Conventional wisdom says these records mostly just upped the ante on how bad Weezer could let down its dwindling fanbase, and true that none of these records or what I’d call “good,” though a few flirt with “pretty good” or “OK.” But as the band prepares to release its umpteenth for-real-this-time return to form, Everything Will Be Alright in the End (out tomorrow), it’s worth noting that the past decade of Weezer has not yielded nonstop dross. In fact, there are some pretty great Weezer songs adrift in the seas of mediocrity, waiting for attentive, non-angry listeners to rescue them. This is what I intend to do here. I’m limiting this to a list of the Ten Best Weezer Songs of the Past Decade and, as such, not including their post-comeback records, 2001’s Green Album or 2002’s Maladroit — because those albums are, as a whole, good. Not great like the first two, but good enough to listen to without much skipping – really, the best halves of Green and Maladroit could combine to form a record nearly as good as Blue or Pinkerton. And the songs that follow, well, they could probably form a record nearly as good as that one. Maybe some of the poptimism afforded derivative Top 40 songs might (in a Weezer-friendly rockist fashion) be applied to your old pals from ’94.
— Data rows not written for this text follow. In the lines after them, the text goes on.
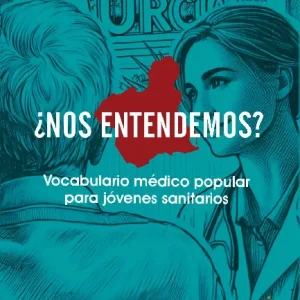 ¿Nos entendemos? Palomares Ortiz, Dra.Gloria/Martínez, Dr.Jose 2025
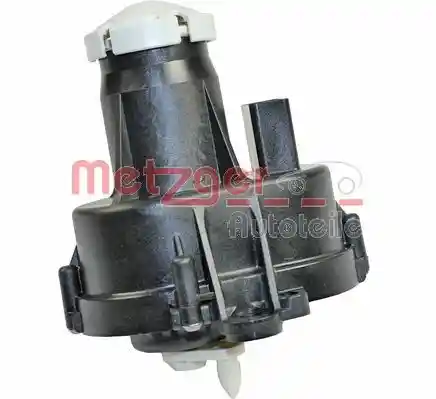 METZGER AUTOTEILE 2100025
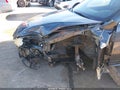 2011 Chevrolet Impala — photo 6 of 22 | VIN 2G1WG5EK9B1240094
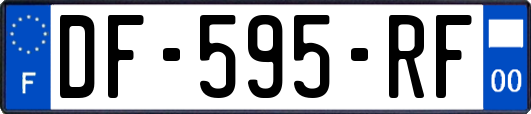 DF-595-RF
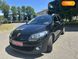 Renault Megane, 2013, Дизель, 1.5 л., 193 тыс. км, Универсал, Красный, Полтава Cars-Pr-68345 фото 15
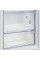 Морозильна камера Beko, 187x60x71, 286л, 1дв., E, NF, білий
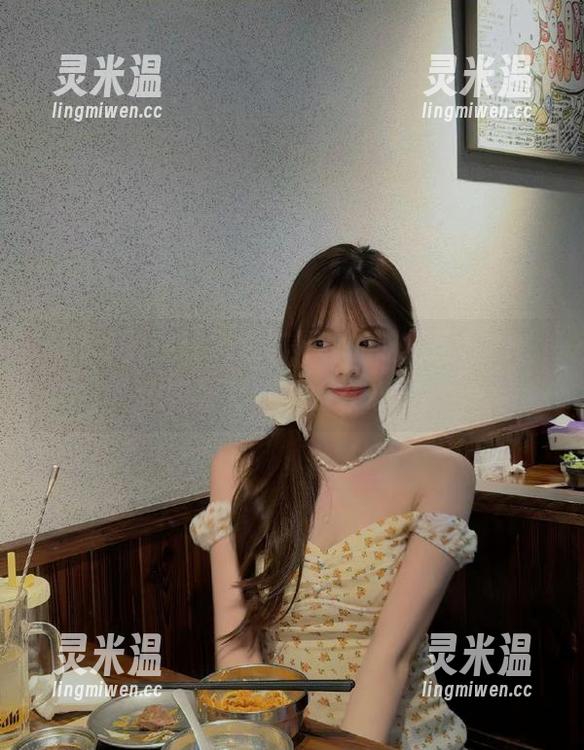 吃瓜网 在线探索那神秘的吃瓜网APP,内容好到令人脸红心跳!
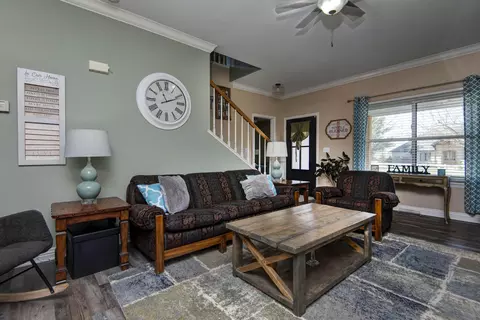 Other - 4410 N 8th St, Ozark, MO 65721 photo 1 of 8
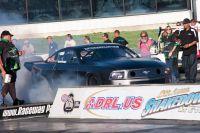 shakedown_OL105-083.jpg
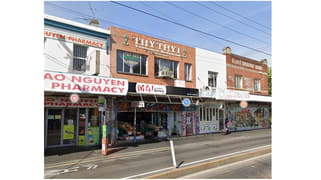 Level 1/142 Victoria Street Richmond VIC 3121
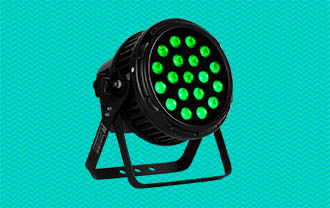 精产国品一二三产区蘑菇视频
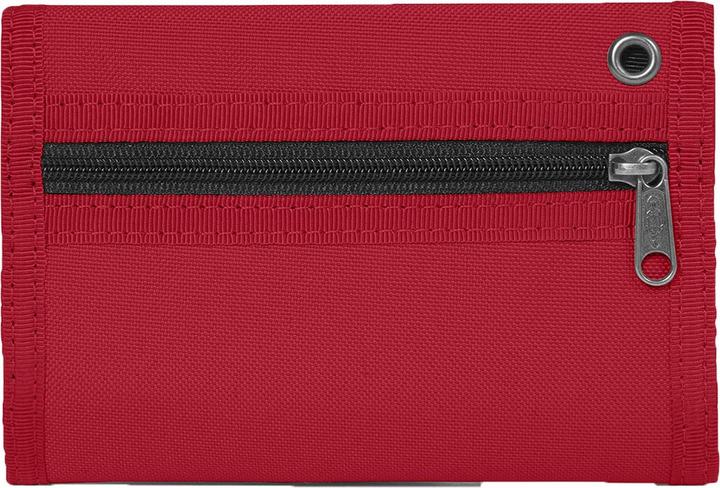 Produktbild Eastpak Crew Single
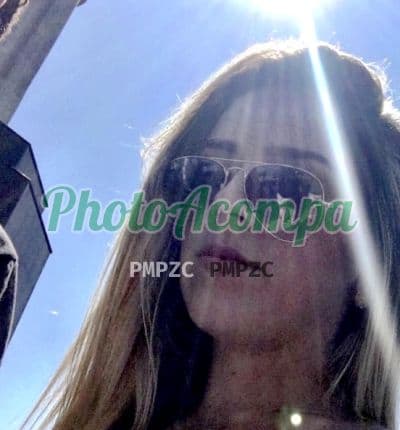 Acompanhante depilada em Rio de Janeiro — Angélica, foto 5
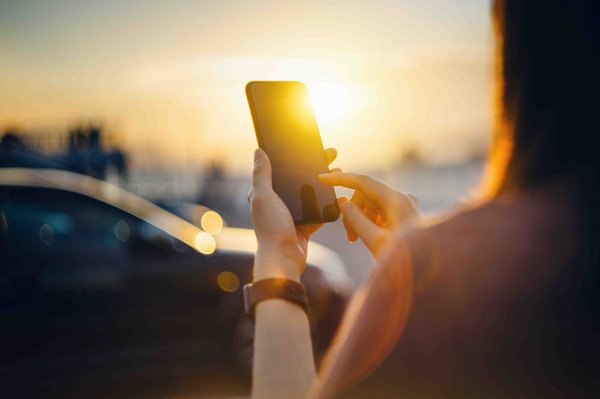 Markets Weekly Outlook – US Services PMI, Bank of England rate decision and Canadian/NZ Employment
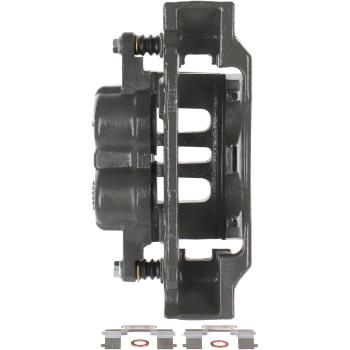 A1 Cardone 18B4900 Disc Brake Caliper product image 4 of 10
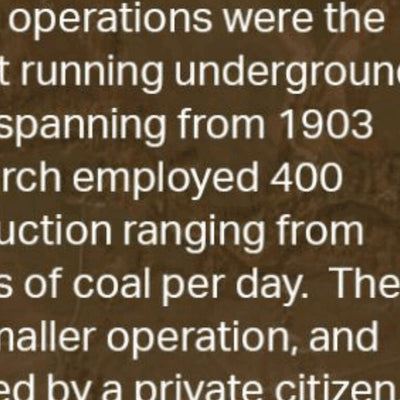 Monarch and Kooi Preview 3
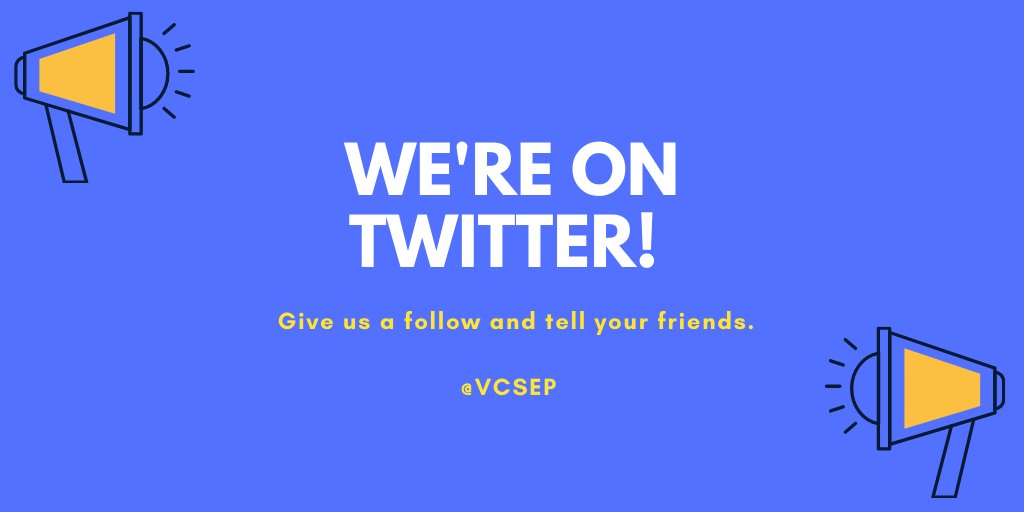 vcsep's tweet photo. 🥳

Give us a follow for news and views from the #EmergenciesPartnership. https://t.co/SgZg7e4mzz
The Ten Best Weezer Songs of the Past Decade

10. “I’m Your Daddy”

Raditude, 2009
One of the weirdest things about late-period Weezer is reading about the origins of some of their songs, especially ones with seemingly off-putting lyrical content. The empty-headed “Smart Girls” seems all the stupider hearing that it started off as “Hot Girls” but Cuomo crowdsourced it into “Smart Girls” to make it nicer (nice sentiment, I guess; still a stupid song). The nonsensical “Where’s My Sex?” seems like even more of a dumb joke if you think about how it was based on Cuomo’s young daughter asking about the whereabouts of her socks (how does making that change suddenly make it into a song?). The best of these weird-origins songs is probably “I’m Your Daddy,” even though it has the potential to be the creepiest: It’s a creepy phrase unto itself, although the origin is actually kinda cute; apparently Cuomo sang part of the chorus to his kid. But he brings it back to weird by applying it back to a song that’s supposed to be romantic. I’m sure it was just a strange songwriting whim, but it’s the kind of anecdote that makes Cuomo seem like he’s fucking around at best, out of ideas at worst. That said, “I’m Your Daddy” is super-catchy, enough so that I can forget that the phrase “I’m Your Daddy” figures into the chorus.

9. “This Is Such a Pity”

Make Believe, 2005
Make Believe is a terrible album. I can find a lot of positive things to say about the three records that followed, but there are only the scantest pleasures to be found on one of the band’s longest and seemingly most painstaking releases, and the contrast between this and Maladroit, paticularly in the lyrics department, is stark. I’d love to read a detailed account of what Rivers was up to between 2002 and 2005 that (a.) derailed his initial plans to continue releasing an album a year and (b.) drained the specificity out of his lyrics. But on “This Is Such a Pity,” the lady backing vocals, synthy beat, and eighties-y dueling guitar solos in the bridge offer a rare moment where musical experimentation overtakes the rote songwriting. Basically, anyone who loves “I Just Threw Out the Love of My Dreams” should at least give this one a chance.

8. “Trainwrecks”

Hurley, 2010
One of the best things about Hurley is the way it sounds: rougher and looser than the more polished albums that preceded it. The band (and, really, anyone writing about the band) often seems to be chasing “since the Blue Album” or “since Pinkerton” but here, truly, is someplace that comparison really applies: Vocally, Cuomo hadn’t sounded this unhinged since Pinkerton. It’s not gratuitous, but the way he hits “WRECKS!” at the end of the titular word is a thrill, considering how buttoned-up he often sounds. The rest of the song is pretty great, too: chugging and anthemic about a group of people who are totally messy and unreliable.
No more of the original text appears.